Jakarta, Aktual.com — Prosesi penggusuran lahan warga di kawasan Luar Batang, Penjaringan, Jakarta Utara, dianggap tak ubahnya pembelian sebagian lahan RS Sumber Waras oleh Pemprov DKI Jakarta pada 2014 silam.
“Karena keduanya merujuk pada UU No. 2/2012 dan Perpres No. 71/2012 yang telah diubah menjadi Perpres No. 40/2014 terkait pembelian lahan untuk kepentingan publik,” ujar Direktur Eksekutif Jakarta Public Service (JPS), M Syaiful Jihad, kepada Aktual.com, Selasa (3/5).
Kedua kebijakan tersebut, imbuhnya, sama-sama melanggar peraturan perundang-undangan yang berlaku. “Sehingga, wajar bila kedua-keduanya berpolemik,” jelasnya.
Sebab, menurut eks aktivis Himpunan Mahasiswa Islam (HMI) ini, penerapan empat tahapan pembelian lahan kedua kebijakan itu tidak jelas pada tahap realisasi sejak perencanaan hingga penyerahan hasil.
Lebih jauh, Syaiful menerangkan, untuk melakukan pembebasan lahan milik warga Luar Batang atau dimanapun itu demi kepentingan publik, sejatinya harus memiliki surat keputusan gubernur (kepgub).

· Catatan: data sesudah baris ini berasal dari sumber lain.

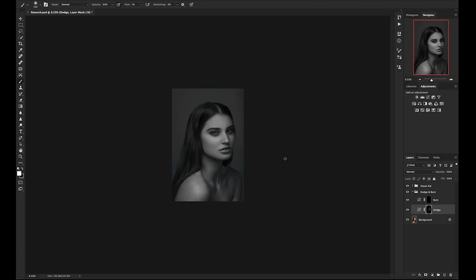Here's the toggle of the before and after of just the dodge layer. It may not have felt like we did much, but as you can see, we've made some noticeable changes. Once I feel pretty good about dodging, I will move on to burning. This time I will darken the lighter areas. I will begin by clicking on my burn layer.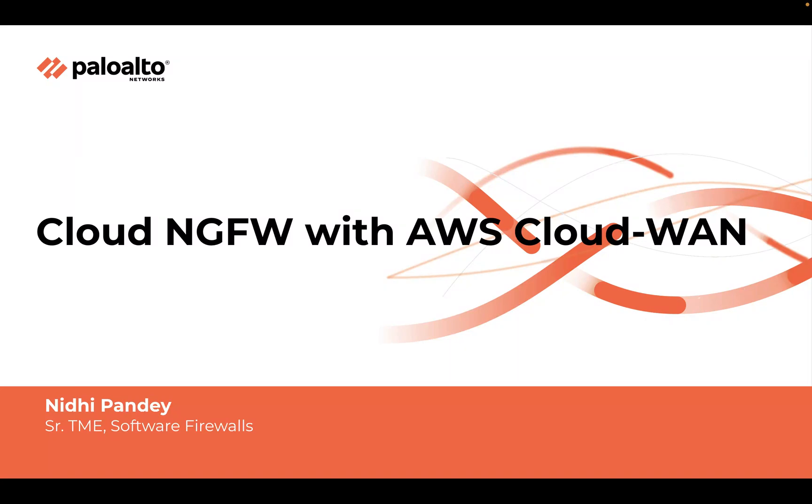Hello, welcome to this video of Palo Alto Network's Cloud NGFW with AWS Cloud-WAN. My name is Nidhi Pandey and I'm a Senior Technical Marketing Engineer within the Software Firewall Group.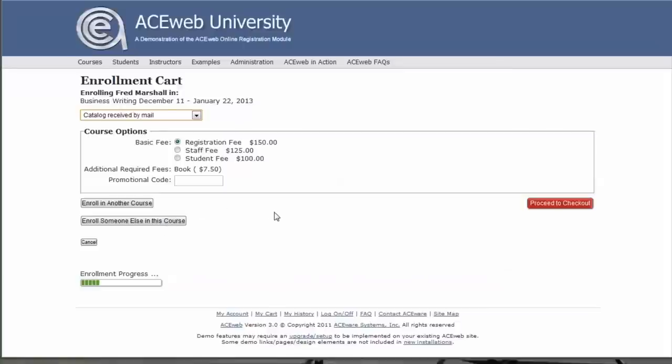At this point, I've created that registration for that person. If I enroll someone else in this course, they will continue to add on to my enrollment card so that I can pay for them all together.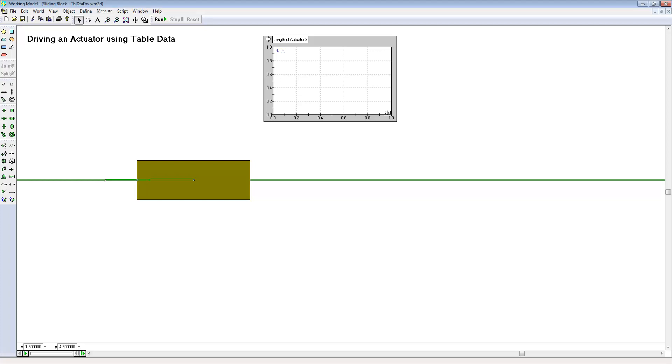In this example of Working Model 2D, we'll show how to drive an actuator using table data taken from a spreadsheet.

Didalamnya, dipaparkan rencana pembangunan kelak.
“Tapi, sampai sekarang, Pemprov DKI mengaku belum memiliki gambaran jelas di sana mau dibuat apa saja secara detail. Yang ada, cuma konsep akan ada plaza,” paparnya.
Kepgub tersebut dikeluarkan setelah melakukan tahapan perencanaan dan persiapan.
Pada tahap perencanaan, kata alumnus Universitas Negeri Jakarta (UNJ) ini, Pemprov DKI pun tidak transparan. Misalnya, membuka dokumen studi kelayakan meliputi survei sosial ekonomi, kesesuaian lokasi, analisa biaya dan manfaat pembangunan bagi masyarakat, perkiraan nilai tanah, dampak lingkungan dan sosial yang mungkin timbul, serta studi lain yang diperlukan sebagaimana diatur dalam Pasal 6 Perpres No. 71/2012.
“Studi kelayakan tadi, merupakan penjelasan atas tentang apa saja yang harus dilakukan pemerintah pada tahap perencanaan. Dan pada Pasal 7 dijelaskan, dokumen perencanaan ditetapkan pimpinan instansi yang memerlukan tanah dan telah disampaikan kepada gubernur,” tutur Syaiful.
“Karenanya, keterlibatan sekda juga dipertanyakan, karena baik menurut UU No. 2/2012 maupun Perpres No. 71/2012, secara jelas menyatakan, bahwasanya yang lebih berperan aktif adalah instansi yang memerlukan tanah. Sekda butuh tanah untuk apa?” imbuhnya heran.
Syaiful mengingatkan, UU No. 2/2012 dan Perpres No. 71/2012 seharusnya dipedomani Pemprov DKI dalam kebijakan ini. Sebab, setiap kepala daerah diwajibkan menaati seluruh ketentuan peraturan perundang-undangan. “Sesuai Pasal 67 UU No. 23/2014,” tukasnya.